A harrowing prison memoir, the first to date by an inmate who is behind bars at the Cuban penitentiary that has become a byword for an American gulag.
Slahi was caught up early in the post-9/11 sweep, suspected of having played a role. As he admits, he did fight against the Soviets in Afghanistan, “but then al Qaida didn’t wage Jihad against America….In the mid-90’s they wanted to wage Jihad against America, but I personally had nothing to do with that.” After turning himself in for questioning in his native Mauritania, Slahi was “rendered” to Jordan and interrogated for eight months before the Jordanians decided he was innocent. A Marine prosecutor recalls that the CIA, managing Slahi’s fate, “just kind of threw him over to U.S. military control in Bagram, Afghanistan,” from which he was sent to Guantánamo in 2002. There he has remained, yet to be charged with a crime apart from that he “fucked up.” Setting aside the question of complicity, it is shockingly clear from Slahi’s account that torture was routine: “I heard so many testimonies from detainees who didn’t know each other that they couldn’t be lies,” he writes, and his own experiences bear this out.

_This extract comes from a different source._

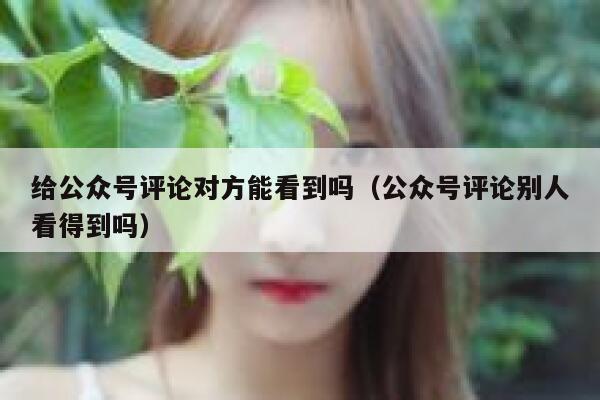 给公众号评论对方能看到吗（公众号评论别人看得到吗） 第1张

For all we know, torture still is routine: This account dates to before 2005, when his manuscript entered into the realm of formally classified military material, and it is heavily redacted, so much so that one representative page is a sea of black strike-throughs, the surviving text reading “was accompanied by an Arabic interpreter….He was very weak in the language.” Elsewhere, the prison memoir is much like other books of its kind: The guards are infantile brutes, the inmates a cross-section of humanity, and the rules and laws bewildering.
Slahi may or may not be a reliable narrator; readers are called on to suspend disbelief. By his account, of course, he is not guilty. His memoir is essential reading for anyone concerned with human rights and the rule of law.